CG : Certains titres (« Derrière la porte », ou « Salaud ») ont un très fort potentiel « commercial ». Honnêtement, si c’était Bénabar ou Higelin qui les interprétaient, les rotations radiophoniques seraient assurées. Pensez-vous que votre projet puisse bénéficier d’un support conséquent, qui pourrait faire « décoller l’affaire » ? Ou ce projet n’est-il qu’une pause récréative pour vous tous ?
R : Et bien, merci. Que les médias puissent t’entendre ! Il ne s’agit pas du tout d’un side project. C’est un vrai nouveau groupe. J’y crois. On a envie de faire évoluer le truc. Si tout va bien…J’en saurai plus dans un an. En tous cas, on se fait plaisir. C’est comme avec Lofo, on n’a jamais l’impression qu’on va au boulot. Avec Madame Robert, c’est le même état d’esprit même si c’est une autre musique. Je ne suis jamais rentré dans une logique commerciale. Sinon, je serais allé bosser dans une agence de publicité.
CG : Ce qui fait la force de ce projet, c’est qu’en plus du côté potache, on sent une grande maîtrise instrumentale, une aisance incroyable dans les interprétations.
R : Le disque a été enregistré en quatre jours et demi pourtant, dans les anciens studios Vogue. Ce lieu est habité d’histoire. Tout a été fait « à l’ancienne », en live.
CG : Notre site Clair & Obscur est le site des musiques progressives, texturales, extrêmes, alternatives… Madame Robert ne peut se ranger dans aucune de ces boites (pour reprendre un titre de l’album Simple Appareil de Lofofora) et pourtant, il a toute sa place ici pour notre lectorat. Pourquoi, à votre avis ?
R : Lofofora a toujours fui les étiquettes. On peut faire du grindcore comme du blues. La musique de Madame Robert vit dans l’inconscient collectif. Tout le monde connaît notre musique inconsciemment. C’est comme la soul music, tout le monde la sent et veut remuer les fesses et la tête. Et tout amateur de bonne musique est curieux.
CG : Notre lectorat est plus habitué à ce qu’on lui parle de rock progressif, de jazz-rock ou de musique expérimentale. Pourtant, il sera probablement très intéressé par l’écoute de ces deux disques, pourtant bien différents. Ecoutez-vous du rock progressif ?

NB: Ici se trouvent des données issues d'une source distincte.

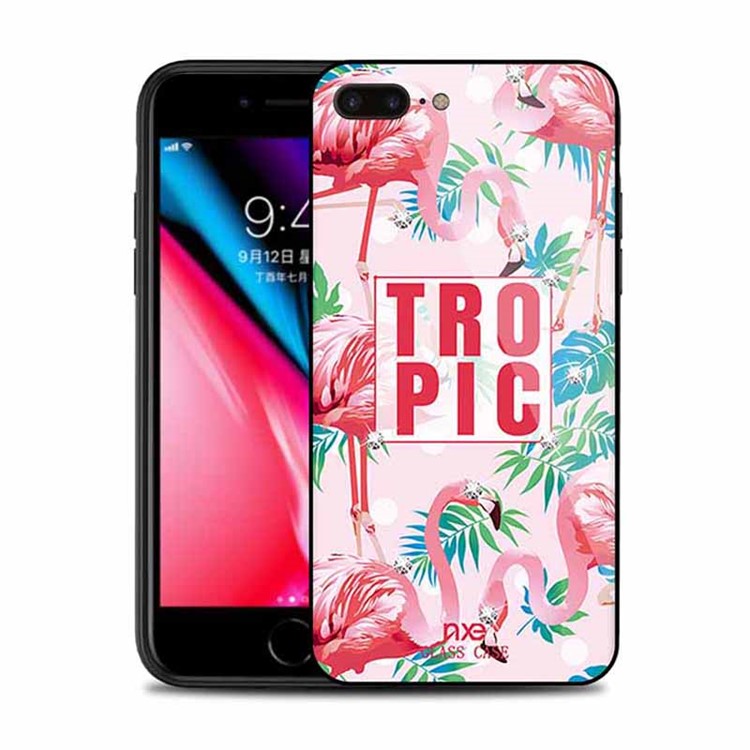 NXE for iPhone 8 Plus / 7 Plus Flamingo Pattern Rhinestone Decor TPU + PC + Glass Hybrid Case - TROPIC-1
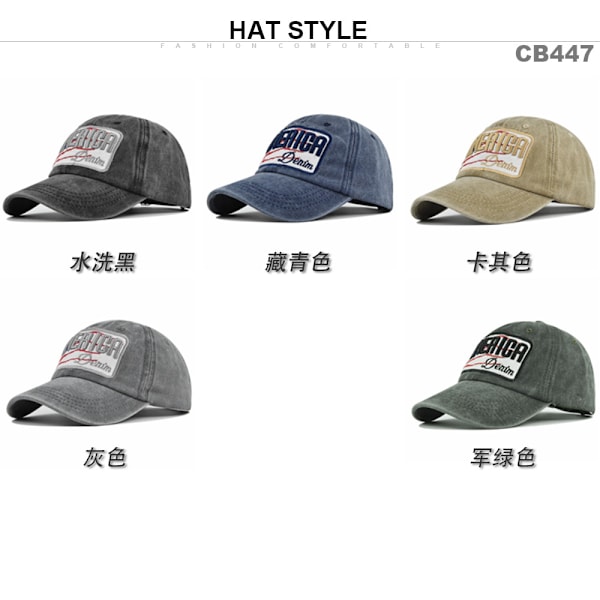 broderad cap vintage broderad cap herr- och damhattar tvättade nödställda solhatt par cap Cb4475ArmyGreen Adjustable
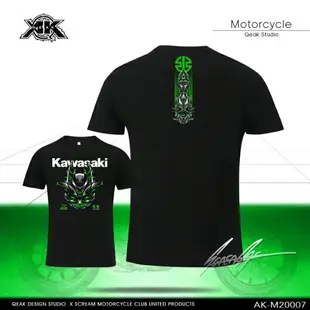 kawasaki川崎進口機車z1000大蟒蛇摩托車299KM男夏季短袖T恤肥仔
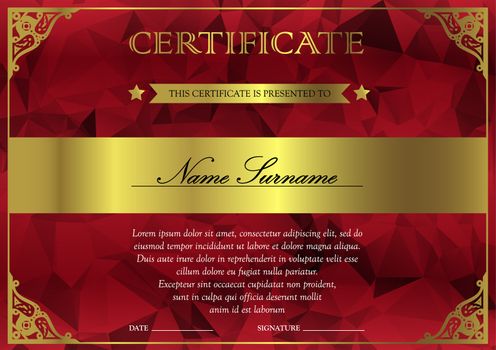 Horizontal red and gold certificate and diploma template with vintage, floral, filigree and cute pattern for winner for achievement. Blank of award coupon. Vector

R : J’écoute peu de rock progressif mais je suis un gros fan de Neurosis ou Yob. Neurosis, c’est Pink Floyd qui aurait très mal aux dents ! On adore Mastodon aussi. Mais je déteste quand il y a des démonstrations stériles. Mais je vois aux T-shirts que portent les gens à nos concerts qu’il y en a qui viennent de chez vous.